Ignacio Camacho-ABC

  • La trágica cadena de fallos iniciales fue el presagio de una reconstrucción empantanada en el colapso burocrático

Un mes después de la tragedia ha desaparecido buena parte del barro pero la población afectada se desespera por la dilación de los trabajos de limpieza y el empantanamiento burocrático donde las ayudas prometidas se enredan. Inquieta el precedente del volcán de La Palma: tres años y muchos vecinos todavía sin vivienda. Decenas de miles de niños siguen sin poder ir a la escuela (o tienen que hacerlo muy lejos) y en algunas zonas se perfila una Navidad sin energía eléctrica. El Ejército tiene ocho mil efectivos fajándose sobre el terreno aunque la gente se queja de que no bastan para tanta y tan dura tarea, sin otra respuesta que la desabrida falta de empatía de la ministra de Defensa. Los voluntarios, honor y gloria al compromiso cívico de esa denostada ‘generación de cristal’, hacen lo que pueden por su cuenta mientras les duren las fuerzas. La reparación de las infraestructuras dañadas ha avanzado bastante –Óscar Puente sí se ha movido con diligencia y es de justicia reconocérsela– pero queda mucha faena. Nadie se engaña al respecto; desde el principio era obvio, por las proporciones de los estragos, que la reconstrucción iba a ser lenta. Lo que desazona es la descoordinación de los servicios, la sensación de desamparo y de impotencia. Y sobre todo, la constatación de que el dinero de las indemnizaciones no llega y de que las instituciones carecen de agilidad o de competencia para resolver los problemas.

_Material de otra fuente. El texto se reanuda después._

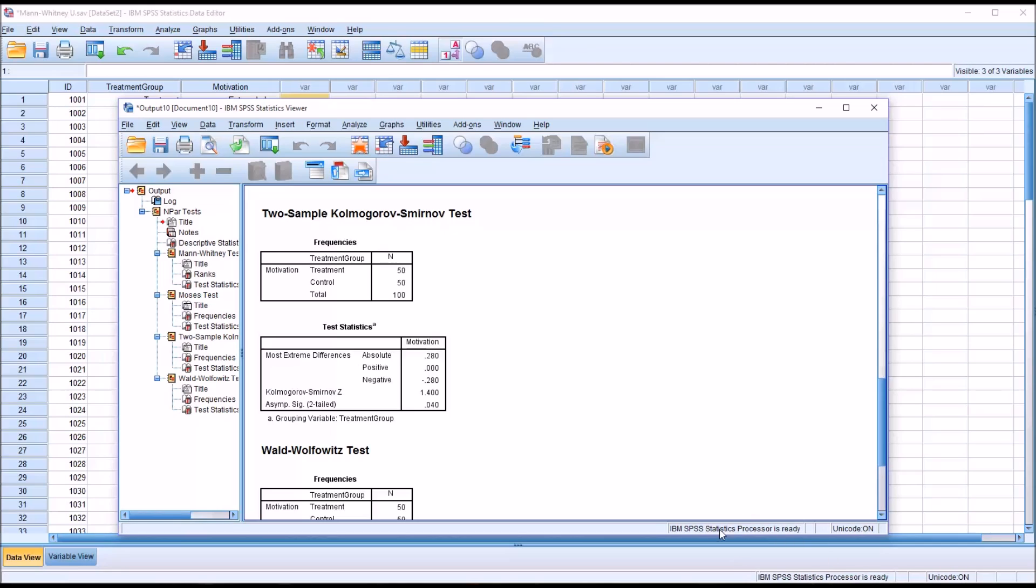So generally, I would say that if your sample size is 25 to 40, you may want to consider using the KS test as an alternative. If it's less than 25, I would say the KS test would be better for that.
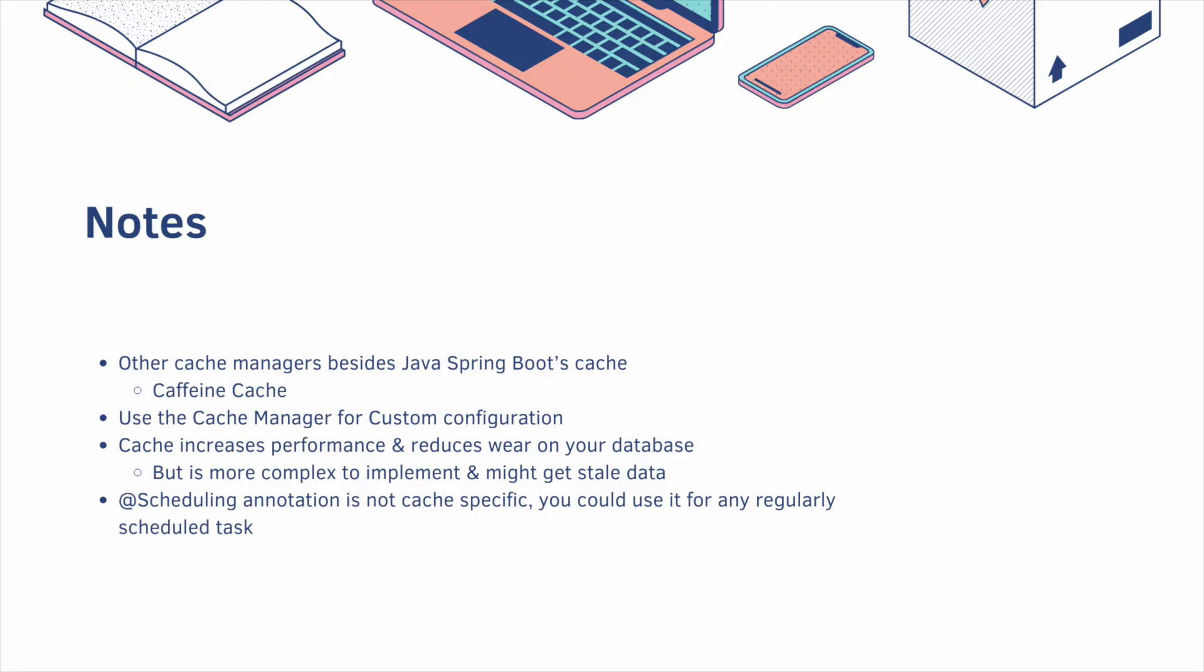Okay, a couple of quick notes. There are other cache managers besides Java Spring Boot's default cache. My work, for example, uses caffeine cache. You can use the cache manager for custom configuration. Cache increases performance and reduces wear on your database. But it's more complex to implement, and you might get stale data.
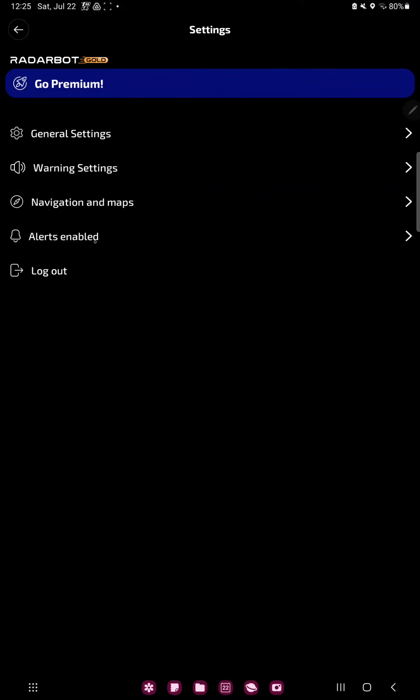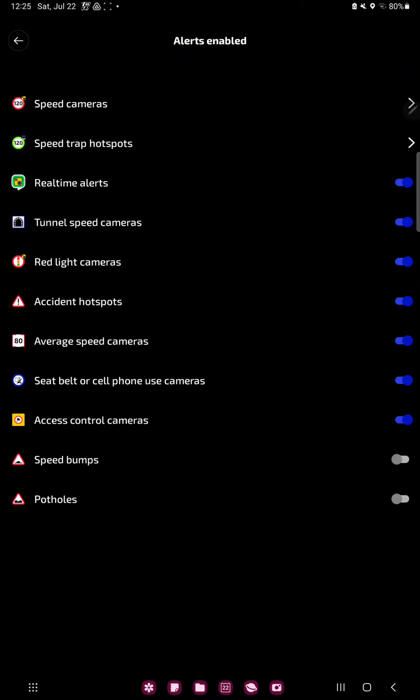Click to the alerts enabled section and here you can find the speed bumps option. And if you want to enable this alert just click the toggle circle icon and done.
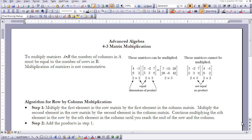This is Advanced Algebra Lesson 4, 3-E Matrix Multiplication. In this lesson, you're going to learn how to multiply matrices. You're going to learn how to do it by hand, and you're going to learn how to use a CAS calculator when doing so.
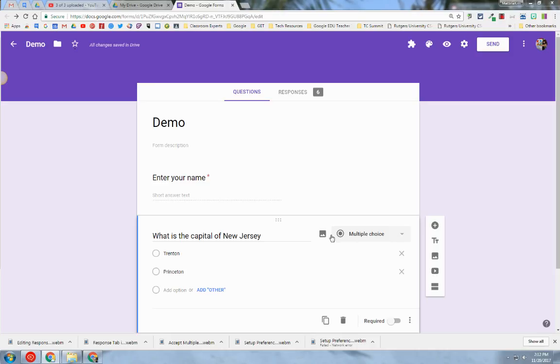Hello, my name is Kim Attina. This screencast will show you how to edit responses in your Google Form.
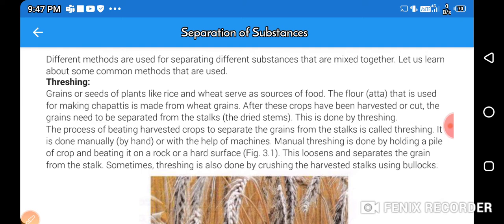The grains or seeds of plants like rice and wheat serve as sources of food. The flour used for making chapatis is made from wheat grains. After crops have been harvested or cut, the grains need to be separated from the stalks — the dried stems. This process is called threshing: the process of beating harvested crops to separate the grains from the stalks.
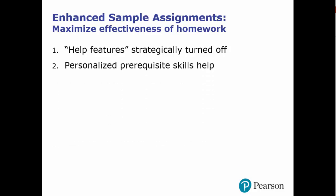Second, we include personalized prerequisite skills help. Students take a brief diagnostic quiz prior to each chapter, then the results of that quiz inform the subsequent section level enhanced assignments.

Los hechos posteriores están confirmando que el desgobierno de las primeras horas de la catástrofe fue una suerte de presagio. Aquella cadena de fallos anunció una grieta sistémica, un colapso del Estado en su función primordial de proteger la vida y los bienes de los ciudadanos. Entonces se extendió la impresión de que la inacción de las autoridades –unas por negligencia del mando, otras por execrable cálculo táctico— había multiplicado el caos; ahora la ira de los momentos iniciales empieza a dar paso a un estado de ánimo basculante entre el abandono y el desengaño. La devastadora percepción de que la política es incapaz de atender de modo satisfactorio la responsabilidad de sus compromisos básicos. No se trata sólo de que la restauración de una mínima normalidad, siquiera provisional, vaya retrasada; es que nadie en la clase dirigente parece haber aprendido nada de esta desgracia, ni ha dado la menor muestra de preocuparse por la prevención de una nueva DANA pese a la evidencia de que esta clase de tormentas, y sus secuelas en forma de riadas, van a ser cada vez más frecuentes en una cuenca mediterránea necesitada con urgencia de obras hidráulicas. Si se generaliza esa conciencia pesimista, ese malestar que cunde en la sociedad valenciana, existirá riesgo de una grave quiebra de confianza en la idoneidad operativa de las estructuras democráticas. Y ya han comenzado a calentar en la banda los oportunistas profetas de la desesperanza.